If the supply of blood is restricted or stopped, brain cells begin to die.
This can lead to brain injury, disability and possibly death.
There are two main causes of strokes, known as ischaemic and haemorrhagic strokes.
Ischaemic is when a blood clot blocks the flow of blood and oxygen to the brain, and accounts for 85 per cent of all stroke cases.
Blood clots typically form in areas where the arteries have been narrowed or blocked over time by fatty deposits known as plaques.

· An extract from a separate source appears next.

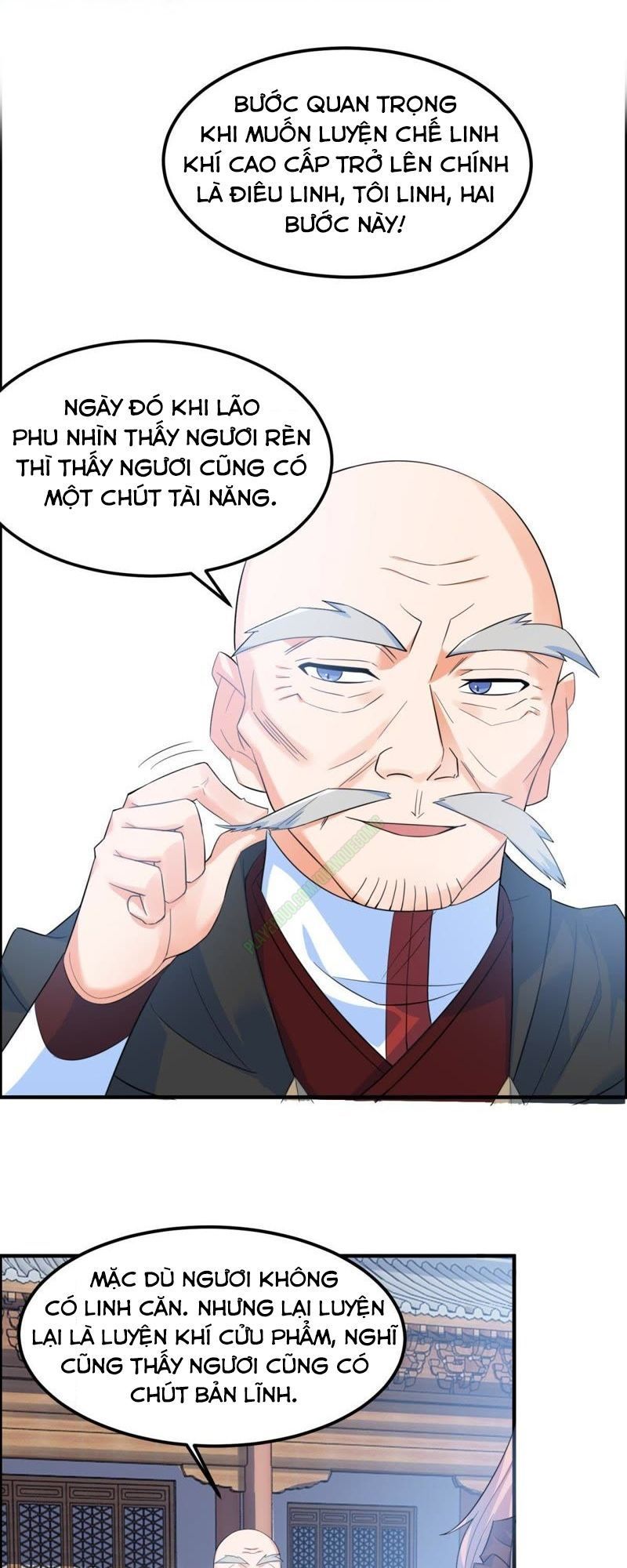 Tối Cường Quang Hoàn Hệ Thống Chapter 15 - Trang 8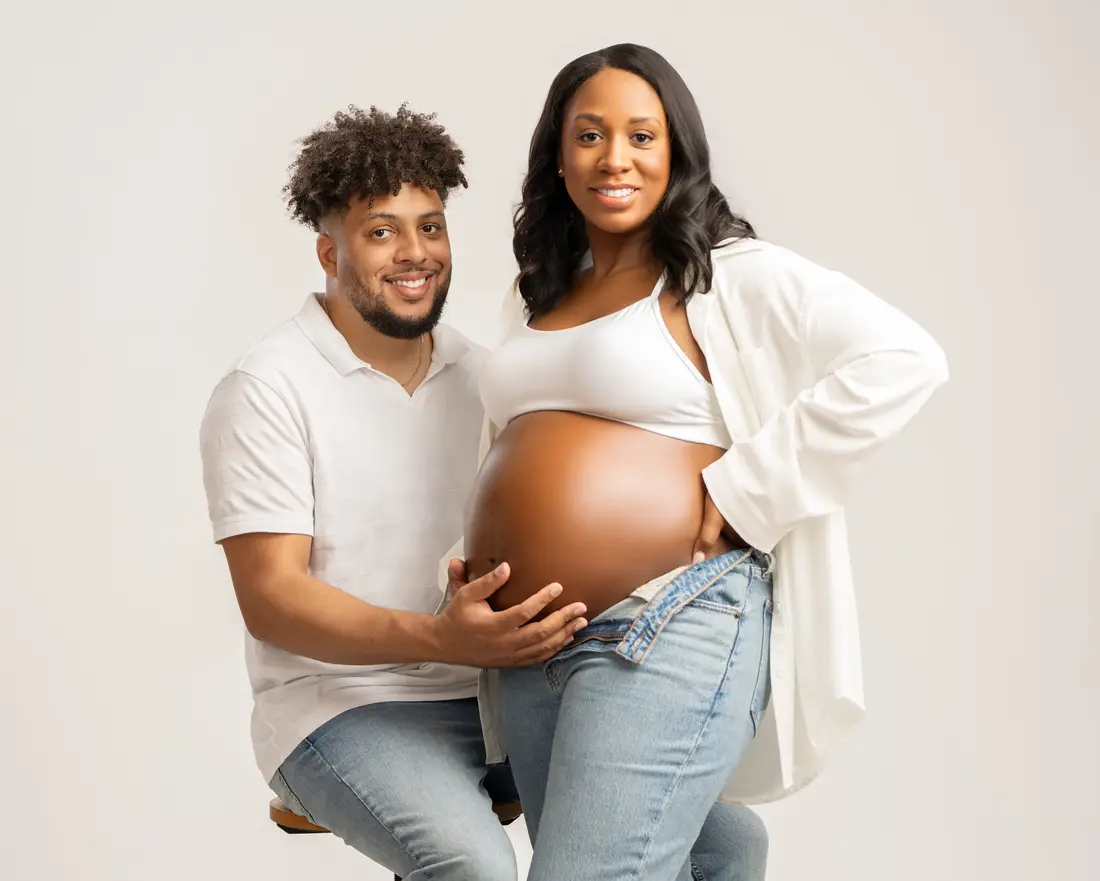 Dunedin maternity photographer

This is known as atherosclerosis.
As we get older, the arteries can naturally narrow but certain things can dangerously accelerate the process.
Haemorrhagic is when a weakened blood vessel within the skull bursts and bleeds into and around the brain.
The main cause is high blood pressure, which can weaken the arteries in the brain and make them prone to split or rupture.
The risk of having a stroke is also increased by other factors such as age, family history and ethnicity.
According to the NHS, strokes are more likely to happen in people over the age of 65, although about a quarter of strokes happen in younger people.
If a close relative has had a stroke, your risk is also likely to be higher.
South Asian, African or Caribbean people are also more at risk, as rates of diabetes and high blood pressure are higher in those groups.
“It’s not possible to completely prevent strokes because some things that increase your risk of the condition can’t be changed,” said the NHS.
“However, it’s possible to significantly reduce your risk of having a stroke by making lifestyle changes to avoid problems such as atherosclerosis and high blood pressure.”
People who survive a stroke are often left with long-term problems caused by injury to their brain.
Some people need a long period of rehabilitation before they can recover, while many never fully recover and need support adjusting to living with the effects of their stroke.
Signs and symptoms of a stroke
The signs of a stroke vary from person to person, but they usually begin suddenly and without warning.
Symptoms include a face that’s dropped on one side, and difficulty raising arms.
Speech may become slurred or garbled, or the patient may not be able to talk at all.
Other stroke symptoms include struggling to smile, or having weak or numb limbs.